◆ What is expected ◆
Each record below is to be restated word for word.

◆ Provided records ◆
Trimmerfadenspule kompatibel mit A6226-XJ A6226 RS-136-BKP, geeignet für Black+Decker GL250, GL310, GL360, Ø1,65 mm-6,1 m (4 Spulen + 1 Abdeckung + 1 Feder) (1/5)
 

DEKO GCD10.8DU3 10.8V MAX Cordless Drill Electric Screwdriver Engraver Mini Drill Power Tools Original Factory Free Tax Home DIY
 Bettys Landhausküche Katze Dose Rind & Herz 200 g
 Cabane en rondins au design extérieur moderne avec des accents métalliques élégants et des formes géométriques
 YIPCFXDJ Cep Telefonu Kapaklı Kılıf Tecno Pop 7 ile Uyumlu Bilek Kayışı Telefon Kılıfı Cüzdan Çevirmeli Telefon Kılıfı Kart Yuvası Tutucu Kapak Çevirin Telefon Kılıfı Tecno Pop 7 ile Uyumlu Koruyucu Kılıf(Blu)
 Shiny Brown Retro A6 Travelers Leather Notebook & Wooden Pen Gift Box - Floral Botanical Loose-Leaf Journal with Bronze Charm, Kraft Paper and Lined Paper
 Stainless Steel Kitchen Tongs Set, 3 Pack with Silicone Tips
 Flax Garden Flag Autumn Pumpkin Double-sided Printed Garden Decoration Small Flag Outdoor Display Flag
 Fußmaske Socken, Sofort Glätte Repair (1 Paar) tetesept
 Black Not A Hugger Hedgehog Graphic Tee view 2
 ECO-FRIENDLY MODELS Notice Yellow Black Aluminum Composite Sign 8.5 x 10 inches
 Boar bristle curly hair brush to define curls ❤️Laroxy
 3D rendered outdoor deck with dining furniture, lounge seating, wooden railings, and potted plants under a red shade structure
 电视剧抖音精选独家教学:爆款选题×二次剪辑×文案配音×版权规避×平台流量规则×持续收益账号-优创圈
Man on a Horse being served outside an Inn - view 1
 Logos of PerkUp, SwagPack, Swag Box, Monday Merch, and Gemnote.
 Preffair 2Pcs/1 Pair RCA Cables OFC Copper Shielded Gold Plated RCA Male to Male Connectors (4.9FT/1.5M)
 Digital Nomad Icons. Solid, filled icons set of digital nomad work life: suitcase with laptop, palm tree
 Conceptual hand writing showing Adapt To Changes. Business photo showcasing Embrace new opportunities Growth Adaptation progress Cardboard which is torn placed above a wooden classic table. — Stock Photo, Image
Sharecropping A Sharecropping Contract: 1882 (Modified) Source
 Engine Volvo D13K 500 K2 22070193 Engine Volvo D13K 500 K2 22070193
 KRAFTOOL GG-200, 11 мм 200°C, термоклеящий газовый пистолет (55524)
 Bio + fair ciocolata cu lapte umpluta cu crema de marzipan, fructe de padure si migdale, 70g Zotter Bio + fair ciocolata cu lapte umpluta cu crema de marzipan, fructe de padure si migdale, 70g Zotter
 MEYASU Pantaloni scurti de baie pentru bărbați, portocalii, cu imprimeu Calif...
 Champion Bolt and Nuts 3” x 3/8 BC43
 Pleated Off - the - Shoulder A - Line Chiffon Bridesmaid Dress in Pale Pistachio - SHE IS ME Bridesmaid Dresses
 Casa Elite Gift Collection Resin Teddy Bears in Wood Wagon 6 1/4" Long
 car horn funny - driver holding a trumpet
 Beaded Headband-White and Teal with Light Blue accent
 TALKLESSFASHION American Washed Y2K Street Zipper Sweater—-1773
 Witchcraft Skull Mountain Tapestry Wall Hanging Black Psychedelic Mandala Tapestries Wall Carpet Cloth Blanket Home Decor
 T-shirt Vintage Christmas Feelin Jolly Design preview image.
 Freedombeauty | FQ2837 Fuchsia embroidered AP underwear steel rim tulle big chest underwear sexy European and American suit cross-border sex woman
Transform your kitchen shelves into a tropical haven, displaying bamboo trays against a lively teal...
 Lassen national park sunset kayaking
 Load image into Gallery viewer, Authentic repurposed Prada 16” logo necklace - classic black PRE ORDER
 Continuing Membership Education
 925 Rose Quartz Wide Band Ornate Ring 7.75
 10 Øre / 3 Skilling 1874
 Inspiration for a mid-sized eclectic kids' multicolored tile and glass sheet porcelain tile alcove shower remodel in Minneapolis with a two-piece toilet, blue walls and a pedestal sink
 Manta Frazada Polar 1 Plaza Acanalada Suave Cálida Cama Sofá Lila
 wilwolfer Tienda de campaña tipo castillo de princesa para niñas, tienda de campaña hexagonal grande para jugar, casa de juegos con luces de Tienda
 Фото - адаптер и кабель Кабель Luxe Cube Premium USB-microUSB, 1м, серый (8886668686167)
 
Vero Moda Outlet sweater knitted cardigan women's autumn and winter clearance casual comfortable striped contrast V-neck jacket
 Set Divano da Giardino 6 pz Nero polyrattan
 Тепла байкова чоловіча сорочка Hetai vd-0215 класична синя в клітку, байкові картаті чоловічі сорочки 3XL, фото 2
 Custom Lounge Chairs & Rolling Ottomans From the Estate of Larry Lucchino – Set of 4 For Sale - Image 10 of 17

◆ Answer area ◆
Trimmerfadenspule kompatibel mit A6226-XJ A6226 RS-136-BKP, geeignet für Black+Decker GL250, GL310, GL360, Ø1,65 mm-6,1 m (4 Spulen + 1 Abdeckung + 1 Feder) (1/5)
 

DEKO GCD10.8DU3 10.8V MAX Cordless Drill Electric Screwdriver Engraver Mini Drill Power Tools Original Factory Free Tax Home DIY
 Bettys Landhausküche Katze Dose Rind & Herz 200 g
 Cabane en rondins au design extérieur moderne avec des accents métalliques élégants et des formes géométriques
 YIPCFXDJ Cep Telefonu Kapaklı Kılıf Tecno Pop 7 ile Uyumlu Bilek Kayışı Telefon Kılıfı Cüzdan Çevirmeli Telefon Kılıfı Kart Yuvası Tutucu Kapak Çevirin Telefon Kılıfı Tecno Pop 7 ile Uyumlu Koruyucu Kılıf(Blu)
 Shiny Brown Retro A6 Travelers Leather Notebook & Wooden Pen Gift Box - Floral Botanical Loose-Leaf Journal with Bronze Charm, Kraft Paper and Lined Paper
 Stainless Steel Kitchen Tongs Set, 3 Pack with Silicone Tips
 Flax Garden Flag Autumn Pumpkin Double-sided Printed Garden Decoration Small Flag Outdoor Display Flag
 Fußmaske Socken, Sofort Glätte Repair (1 Paar) tetesept
 Black Not A Hugger Hedgehog Graphic Tee view 2
 ECO-FRIENDLY MODELS Notice Yellow Black Aluminum Composite Sign 8.5 x 10 inches
 Boar bristle curly hair brush to define curls ❤️Laroxy
 3D rendered outdoor deck with dining furniture, lounge seating, wooden railings, and potted plants under a red shade structure
 电视剧抖音精选独家教学:爆款选题×二次剪辑×文案配音×版权规避×平台流量规则×持续收益账号-优创圈
Man on a Horse being served outside an Inn - view 1
 Logos of PerkUp, SwagPack, Swag Box, Monday Merch, and Gemnote.
 Preffair 2Pcs/1 Pair RCA Cables OFC Copper Shielded Gold Plated RCA Male to Male Connectors (4.9FT/1.5M)
 Digital Nomad Icons. Solid, filled icons set of digital nomad work life: suitcase with laptop, palm tree
 Conceptual hand writing showing Adapt To Changes. Business photo showcasing Embrace new opportunities Growth Adaptation progress Cardboard which is torn placed above a wooden classic table. — Stock Photo, Image
Sharecropping A Sharecropping Contract: 1882 (Modified) Source
 Engine Volvo D13K 500 K2 22070193 Engine Volvo D13K 500 K2 22070193
 KRAFTOOL GG-200, 11 мм 200°C, термоклеящий газовый пистолет (55524)
 Bio + fair ciocolata cu lapte umpluta cu crema de marzipan, fructe de padure si migdale, 70g Zotter Bio + fair ciocolata cu lapte umpluta cu crema de marzipan, fructe de padure si migdale, 70g Zotter
 MEYASU Pantaloni scurti de baie pentru bărbați, portocalii, cu imprimeu Calif...
 Champion Bolt and Nuts 3” x 3/8 BC43
 Pleated Off - the - Shoulder A - Line Chiffon Bridesmaid Dress in Pale Pistachio - SHE IS ME Bridesmaid Dresses
 Casa Elite Gift Collection Resin Teddy Bears in Wood Wagon 6 1/4" Long
 car horn funny - driver holding a trumpet
 Beaded Headband-White and Teal with Light Blue accent
 TALKLESSFASHION American Washed Y2K Street Zipper Sweater—-1773
 Witchcraft Skull Mountain Tapestry Wall Hanging Black Psychedelic Mandala Tapestries Wall Carpet Cloth Blanket Home Decor
 T-shirt Vintage Christmas Feelin Jolly Design preview image.
 Freedombeauty | FQ2837 Fuchsia embroidered AP underwear steel rim tulle big chest underwear sexy European and American suit cross-border sex woman
Transform your kitchen shelves into a tropical haven, displaying bamboo trays against a lively teal...
 Lassen national park sunset kayaking
 Load image into Gallery viewer, Authentic repurposed Prada 16” logo necklace - classic black PRE ORDER
 Continuing Membership Education
 925 Rose Quartz Wide Band Ornate Ring 7.75
 10 Øre / 3 Skilling 1874
 Inspiration for a mid-sized eclectic kids' multicolored tile and glass sheet porcelain tile alcove shower remodel in Minneapolis with a two-piece toilet, blue walls and a pedestal sink
 Manta Frazada Polar 1 Plaza Acanalada Suave Cálida Cama Sofá Lila
 wilwolfer Tienda de campaña tipo castillo de princesa para niñas, tienda de campaña hexagonal grande para jugar, casa de juegos con luces de Tienda
 Фото - адаптер и кабель Кабель Luxe Cube Premium USB-microUSB, 1м, серый (8886668686167)
 
Vero Moda Outlet sweater knitted cardigan women's autumn and winter clearance casual comfortable striped contrast V-neck jacket
 Set Divano da Giardino 6 pz Nero polyrattan
 Тепла байкова чоловіча сорочка Hetai vd-0215 класична синя в клітку, байкові картаті чоловічі сорочки 3XL, фото 2
 Custom Lounge Chairs & Rolling Ottomans From the Estate of Larry Lucchino – Set of 4 For Sale - Image 10 of 17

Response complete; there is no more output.